(No longer in theaters)
Feb 18, 2009
Watching Andrzej Wajda’s unnervingly even-tempered Katyn, you wonder why the Poles who managed to live through World War II and the dual occupation of the Germans and Soviets did not go mad: Survival and sanity appear to be mutually exclusive. The movie is named for the forest where, in 1940, the Soviets secretly executed 15,000 Polish officers, artists, educators, intellectuals—the best and brightest, among them the 14-year-old Wajda’s father. The overture is out of the Theatre of the Absurd. It’s 1939, and two waves of civilians, mostly women and children, surge onto opposite ends of a bridge and collide in the middle: One group screams that the Nazis are behind them, the other that the Bolshies are behind them.

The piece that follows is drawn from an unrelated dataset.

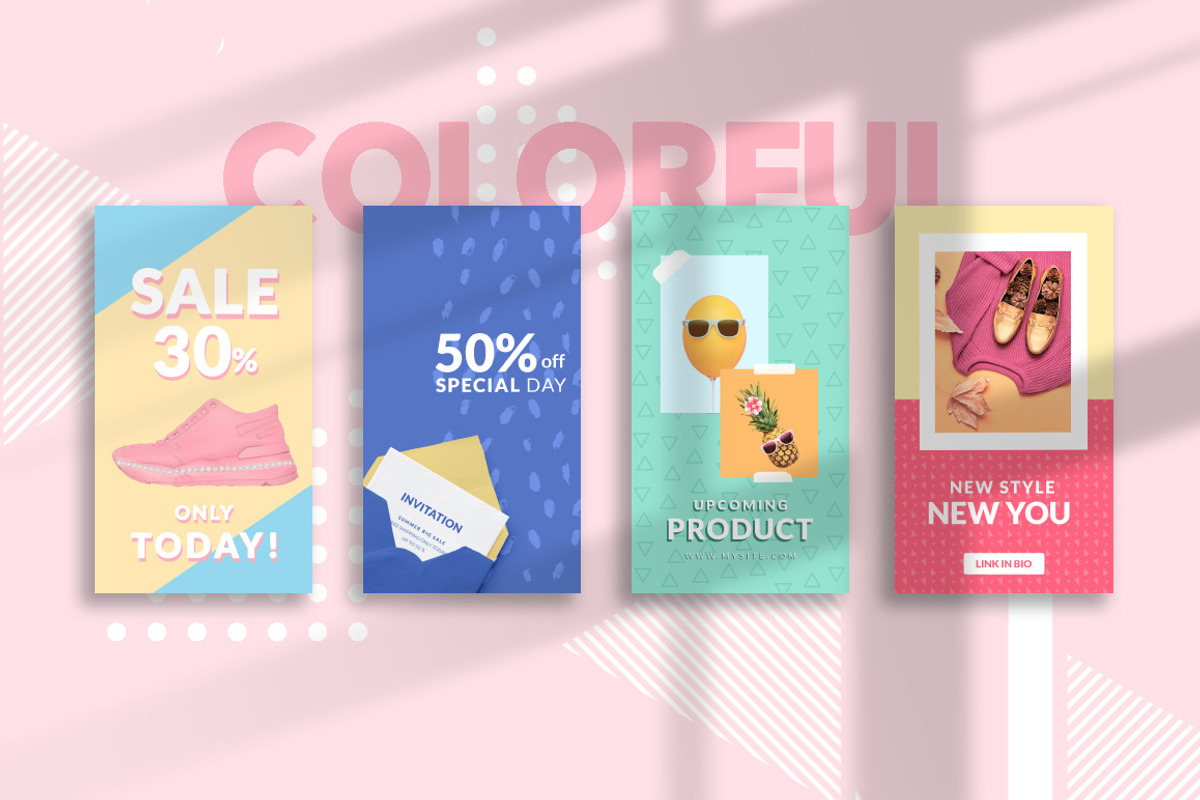 CANVA Colorful Social Media Pack, a Social Media Template by Eviory (Photo 6 of 14)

Do they go forward? Backward? They can’t stay put. In the pandemonium, people push past one another in both directions, while Anna (Maja Ostaszewska) grabs her little daughter and heads for the park where the Soviets have detained her husband, Andrzej (Artur Zmijewski), and other officers. She begs him to flee; he says he must be true to his military pledge and remain with his soldiers. Andrzej, the obvious stand-in for Wajda’s father, can’t figure out why he’s a POW. Of his Soviet captors he says, “There was no war with them!”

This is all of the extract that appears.